My ex once said, whilst commenting on the breakdown of her relationship with her most recent b/f, that I had never criticised her, found fault with her, argued with her because I just wanted to be more 'right' than she was, in the whole six years we were together. She said that she never appreciated that until it was too late, she also asked me "how come?" I said, "because I loved you, that's how come".
To me, none of these things she mentioned were difficult for me, it wasn't like I was biting my tongue or walking on eggshells or anything, I just genuinely didn't find anything she did worthy of criticism. Finding fault with people is an unpleasant and wasteful thing to do, and 'winning' arguments is boring.
So it wasn't a sacrifice. I could do what I wanted when I wanted, all that was required, not by her but by my own sense of courtesy, was that I tell her if I was coming home straight from work or going out drinking. Quite often when i said I was going out she would quite happily inform me that she was already doing the same!
So, the gist of my comment is, I think, that in any relationship in any location, if you think you have made sacrifices, if you actually regard it in those terms, you may well soon feel that you have been, somehow, short-changed. Because you have already put a value on what you have 'sacrificed' you will then have to put a value on what you perceive to have 'been given' in return.

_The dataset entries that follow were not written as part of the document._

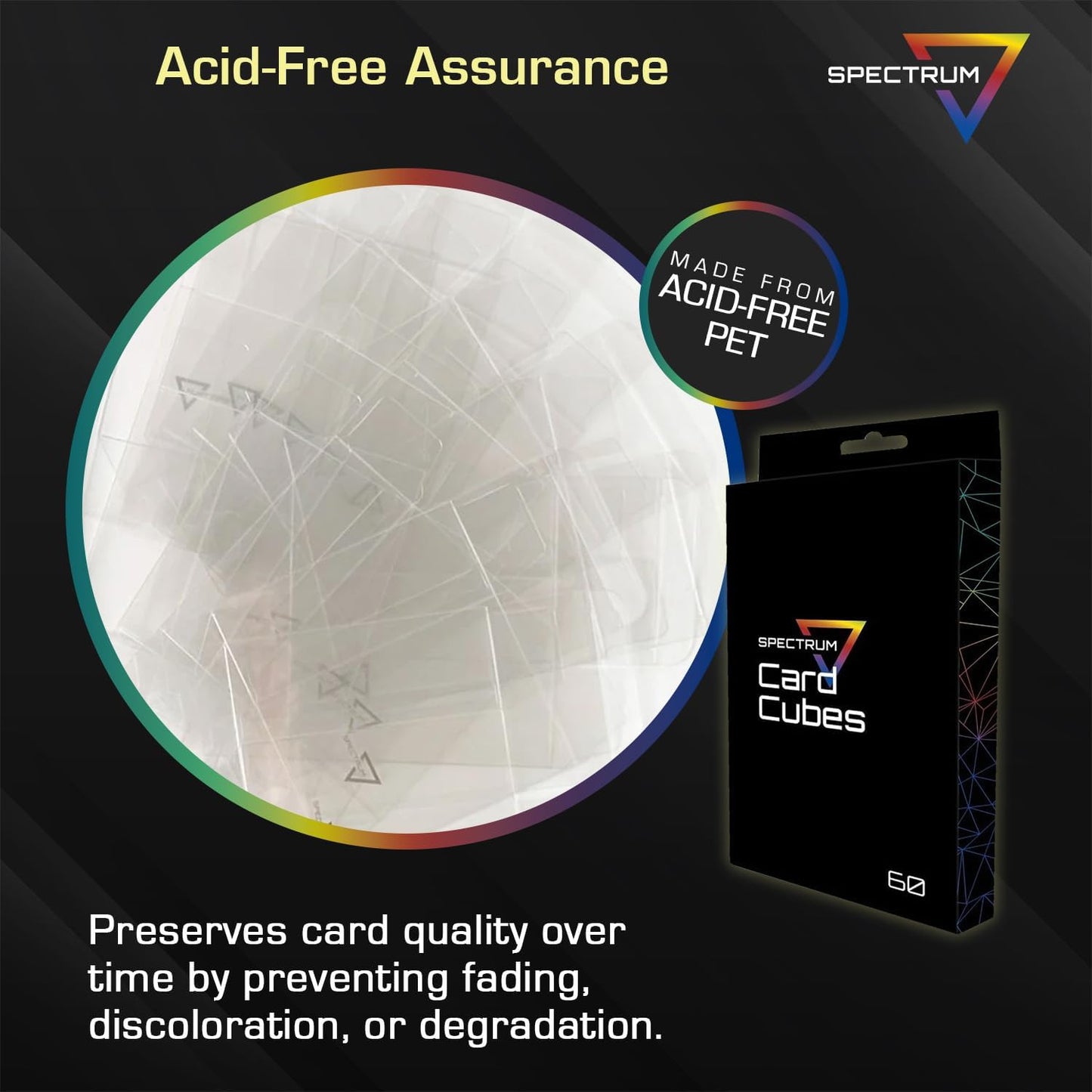 BCW Spectrum Card Cubes | Holds 60 Sleeved Cards | Crystal Clear Acrylic Storage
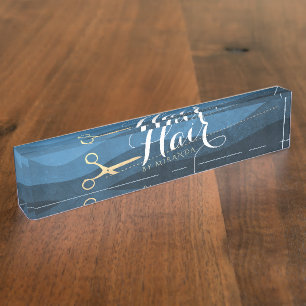 Hair Salon Hairstylist Modern Blue & Gold Scissors Nameplate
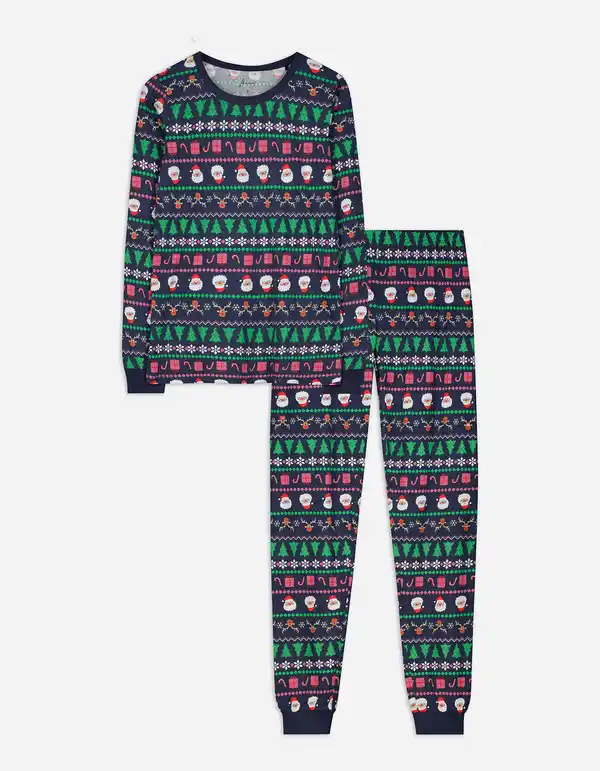 Bild 1 von Damen Pyjama Set aus Langarmshirt und Hose  - Christmas - dunkelblau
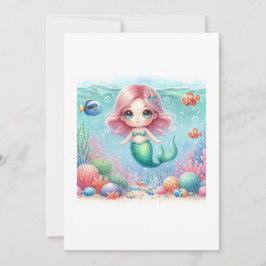beautiful mermaid kawaii 招待状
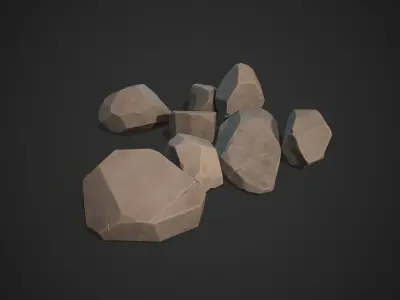 Stylized rock Low-poly 3D model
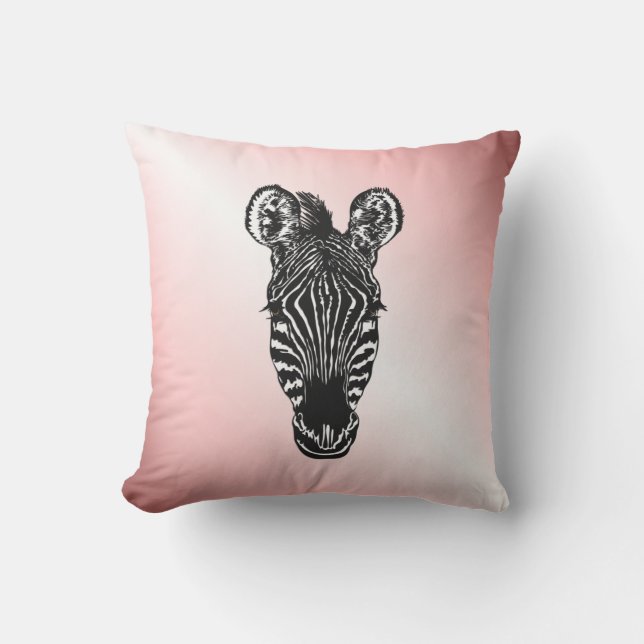 Zebra Head on Pink Outdoor Pillow (Front)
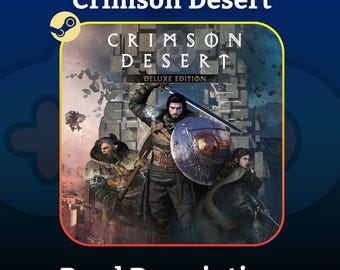 Può includere: Immagine promozionale per "Crimson Desert Deluxe Edition" con un guerriero che tiene una spada e uno scudo. L'immagine ha un tema fantasy oscuro con il testo "Read Description" in basso.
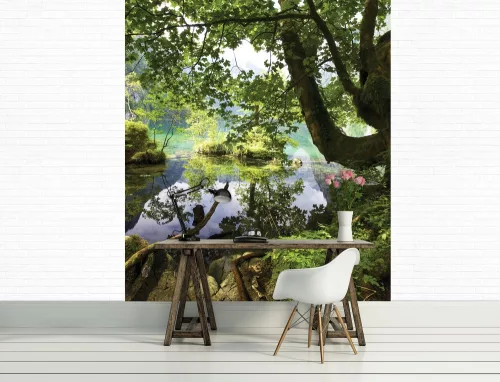 Erdei patak poszter, fotótapéta, Vlies  (206x275 cm, álló)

Whether the two values add up will depend on how you're feeling at the time, if you're not getting on very well with your partner you may begin to 'de-value' what you currently have and nostalgically ramp up what you had before causing a feeling of resentment toward your partner as if hey are somehow partly 'to blame' for your predicament. This is true wherever you are, in your home country it may be your 'freedom' that you begin to value higher. In another country it may be 'home comforts' you decide have been sacrificed. Or conversations in your mother tongue, or anything that you miss. You can miss things without it being anything to do with how your partner values those things.
It may be very difficult to do something about it if what you realise you miss is going to the football with your mates if you're 9,000 miles away! For me it wasn't so hard, I can walk to the stadium from my house!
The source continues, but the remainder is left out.